A hacksaw blade snapped in half works fairly well for making the magnesium shavings and for making sparks. However, I used the reamer on my Victorinox Farmer Swiss Army Knife. It's easier to hold and works well.
While the magnesium shavings burn very hot, they don't burn for very long. Thus, it's critical that you make a big enough pile and have enough dry tinder, twigs, and kindling to keep the fire burning once the magnesium shavings burn out in short order.
My secondary tinder was wood shavings sliced off one of the firewood logs I picked up last weekend at Lowe's. The logs were my fuel, as well. They were supposed to be seasoned but still had a fair moisture content, as I discovered once I got the fire going.
I first created a pile of wood shavings then made a small pile of magnesium shavings next to and surrounded by the wood. The magnesium shavings lit after a few strikes from the ferrocerium but I was unable to get a sustained fire going.

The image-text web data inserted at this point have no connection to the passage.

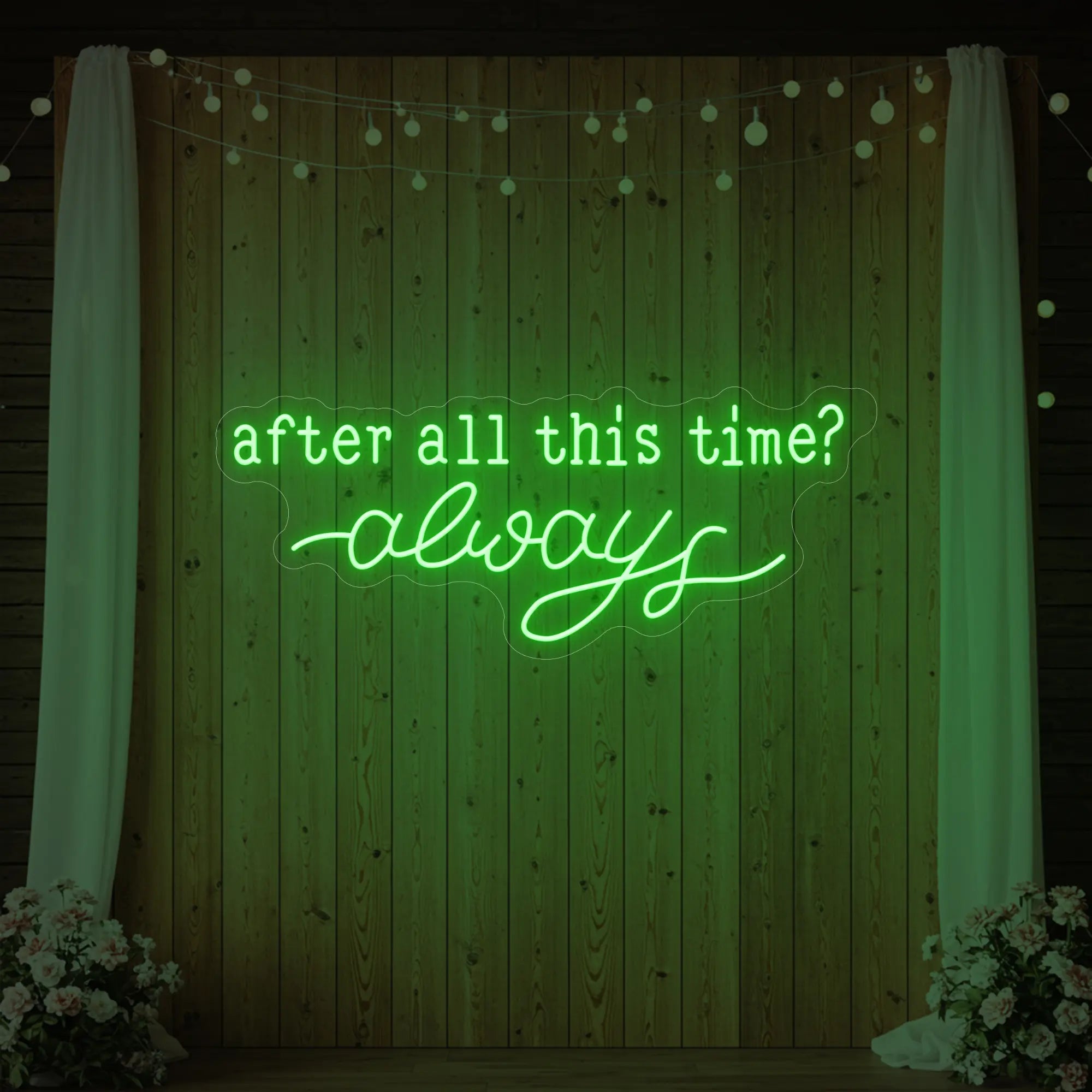 Photo of the 'After All This Time V1' neon sign glowing in green against a styled interior wall.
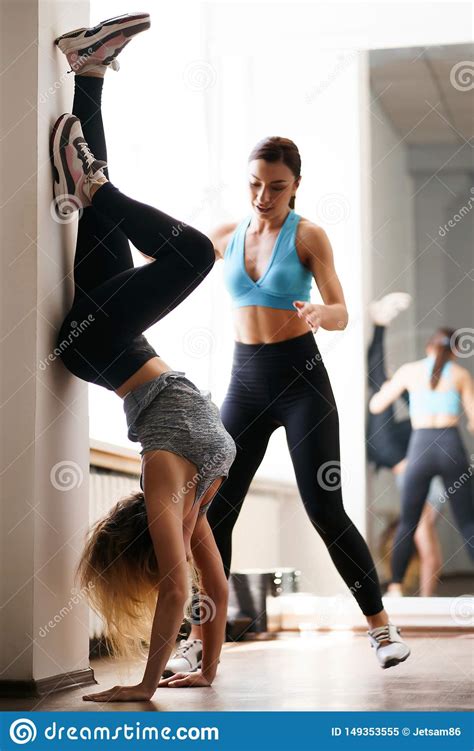Trainer Helping Sporty Woman To Do Handstand Stock Image Image Of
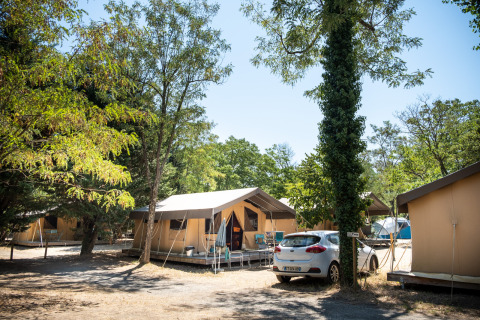 Safaritent op camping, Toile&Bois tent Sweet, omringd door bomen en geparkeerde auto, zomerse sfeer.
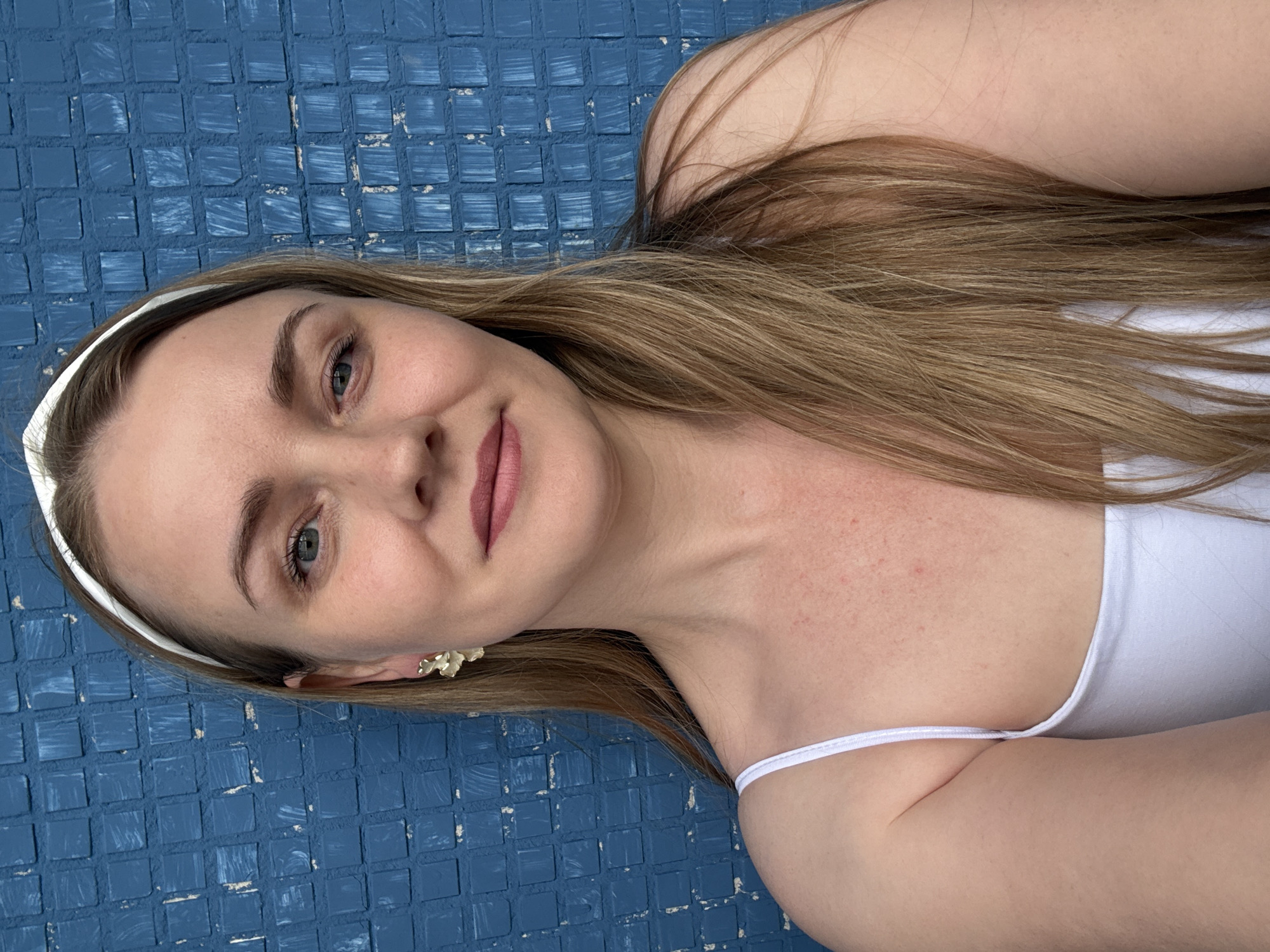 A blonde woman wearing a white tank top and a white headband poses in front of a blue tiled wall. She has long blonde hair and is wearing a flower-shaped earring on her left ear. The image appears to be a selfie, taken outdoors. There is no indication of the city of Chaikovsky, Russia within the image or its context.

Since my daughters were outside with my and wanted to get one with roasting some hot dogs, I switched over to a Bic lighter. However, I wasn't able to get a sustained fire going until I broke out a Coughlin's tinder wad (a wax impregnated cotton ball) and placed it among the coals left over from the burning wood shavings. That and blowing on the fire finally got it going.
Once the fire was going I saw and heard moisture bubbling out the end of the firewood, so it wasn't seasoned enough. It burned with a lot of smoke, too.
I'm not real impressed with the magnesium fire starter. It takes too long and requires too much effort to create a pile of shavings for your stage one tinder. Also, the shavings are so lightweight that the slightest bit of wind blows them around. Finally, the striker rod on the one side of the bar is thin compared to a Swedish Fire Steel, so it throws fewer sparks.
If I was stuck in the wilderness, would I take a Doan magnesium fire starter over a primitive fire starting method, such as a fire drill? You bet. It's easily pocketable, light, and does contain both a spark source and tinder in one waterproof package. However, I think there are better alternatives. For example, a ferrocerium rod (e.g., Swedish Fire Steel) and a 35mm film canister filled with cotton balls soaked in petroleum jelly take up little additional room but work much better. The PJ cotton balls burn hot AND long enough to get your secondary tinder going. Of course, one could carry the Doan fire starter and the PJ cotton balls, using the Doan's ferrocerium rod to ignite them.
I was also reminded of the utility of a large knife, machete, or axe when making woods shavings or splitting kindling from large pieces of wood. Today I relied on my Mora Swedish Army Knife, (#760MG) which is a great small fixed blade. They are inexpensive, take and retain a sharp edge, and have comfortable handles. However, they are short and light which means it takes significantly more effort to make a pile of wood shavings or split logs. If I'd been able to split more kindling the fire would have gotten going a lot more easily. This could be critical in a survival situation where you need a fire RFN, such as if you need to dry off in cold weather.
Once again, I'm glad I tried this out in my back yard, instead of out in the woods in a serious situation.